An AGLedger deployment has three tiers with three different availability stories:

| Tier | State | HA approach | |---|---|---| | API | Stateless | Scale replicas; one env footgun (RATE_LIMIT_STORE) | | Worker | Stateless (queue in Postgres) | Scale replicas; no special handling | | PostgreSQL | All of it | Managed failover (Aurora, RDS Multi-AZ, Patroni) |

The chain lives entirely in PostgreSQL. Application pods hold no durable state — every tamper-evidence guarantee survives any pod being killed at any moment, because chain appends are single transactions serialized per record by a database advisory lock. There is no HA mode to turn on in the application; there is a deployment shape to configure.

API tier

API pods are stateless and scale horizontally.
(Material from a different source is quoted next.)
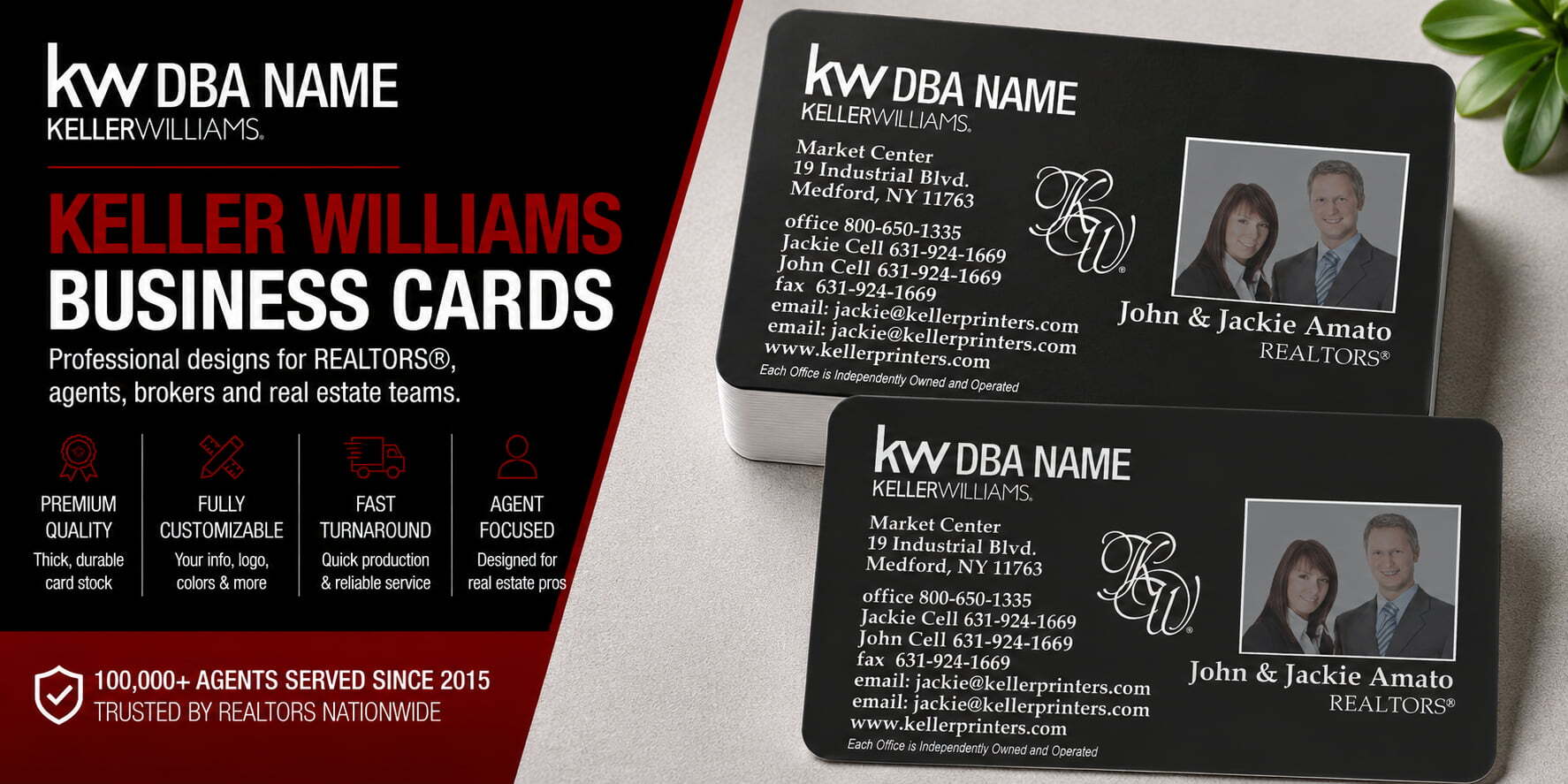 L-145 Keller Williams REALTOR team business card design with customizable back side options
Three changes from the single-node default, all in the chart's values:

api:
  replicaCount: 2          # or enable the HPA
  strategy:
    type: RollingUpdate    # default is Recreate, sized for single-node clusters

extraEnv:                  # required when running more than one API replica
  - name: RATE_LIMIT_STORE
    value: postgresql

The default rate-limit store is in-process memory, which is correct for one replica and silently wrong for N — each replica enforces its own counters, multiplying every effective limit by N. The PostgreSQL store gives cluster-wide limits. (If the store cannot reach a database pool it falls back to in-memory rather than failing requests, so set it and confirm rather than assume.)
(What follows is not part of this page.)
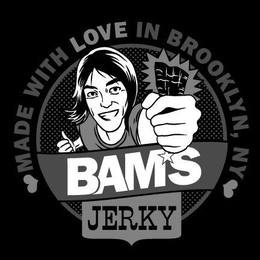 MADE WITH LOVE IN BROOKLYN, NY BAM'S JERKY logo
Everything else is already multi-replica-safe: signing-key and discovery caches invalidate across replicas via Postgres LISTEN/NOTIFY, and migrations cannot race. In the chart, migrations run as a pre-install/pre-upgrade Job — one runner per release, not one per pod. The optional startup runner (RUN_MIGRATIONS, off by default) takes a global advisory lock and verifies migration checksums; a pod that loses the lock exits and restarts rather than running migrations twice.
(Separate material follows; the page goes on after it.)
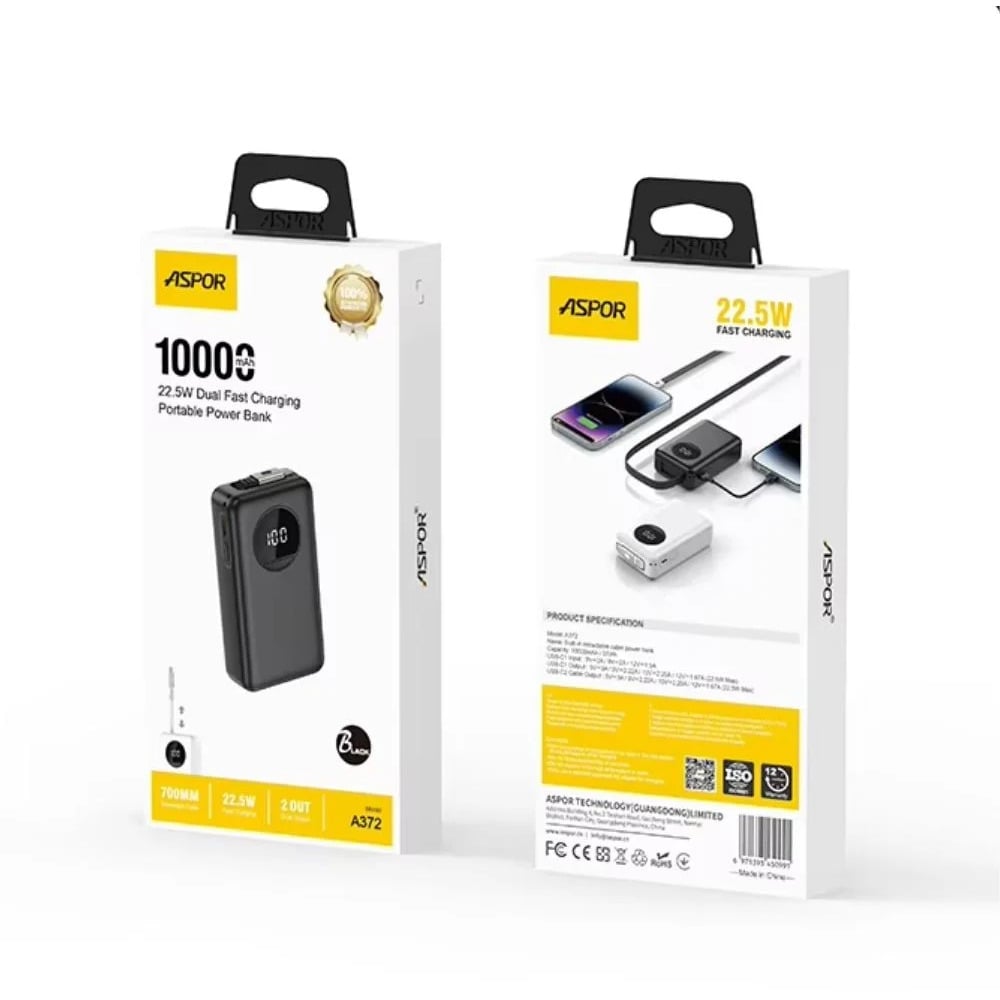 Aspor A372 10000mAh 22.5W Dual Fast Charging Power Bank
The chart ships an HPA, a PodDisruptionBudget, and a commented pod-anti-affinity example (spread replicas across nodes) for the API deployment — see values.yaml.

Worker tier

Worker replicas scale the same way (worker.replicaCount), with no special configuration:

A single worker replica is fully functional and is the right default; add replicas for queue throughput or for zero-gap coverage across pod restarts. The chart ships a worker HPA and PDB.

Database tier

PostgreSQL is the single stateful component, so the availability of your deployment is the availability of your database. Use a managed failover-capable Postgres: Aurora, RDS Multi-AZ, or an equivalent (Patroni/CloudNativePG for self-managed clusters; any failover-capable PostgreSQL 17+ works — nothing here is AWS-specific).

During a failover, in-flight writes fail and clients receive errors until the new primary is up; the application's connection pool recovers on its own as connections are checked out. Chain integrity is unaffected by design — an append either committed as one transaction or it did not. There is no partial chain state to repair, and verification after a failover requires nothing beyond the normal audit runbook.

The bundled Postgres (the Compose overlay docker-compose.postgres.yml, or the chart's postgres.bundled deployment) is a single-node convenience, explicitly not an HA database. Running on an external database is the Enterprise license boundary: the Developer Edition license covers production use on the bundled single-node Postgres, and pointing the Server at Aurora or any other external Postgres is Enterprise scope — which is why high availability is an Enterprise-tier line item. The boundary is contractual, not technical: the Server detects the external-database case and logs a persistent licensing notice, but never blocks or degrades.

External anchoring is unaffected by all of this: anchors are written to object storage outside the database and remain valid ground truth across any failover.

The supported HA shape, summarized

What is not supported today: multi-region active-active against one logical chain, and any deployment shape where two Servers write the same database schema independently. One Server, one database; scale the stateless tiers; let the database layer own failover. For multi-site topologies, run sovereign Servers per site and connect them with federation.


Validated against API v1.0.0 on 2026-06-10. Worker-scaling claim run-tested: three concurrent worker instances against one database produced exactly one scheduled job per cron tick.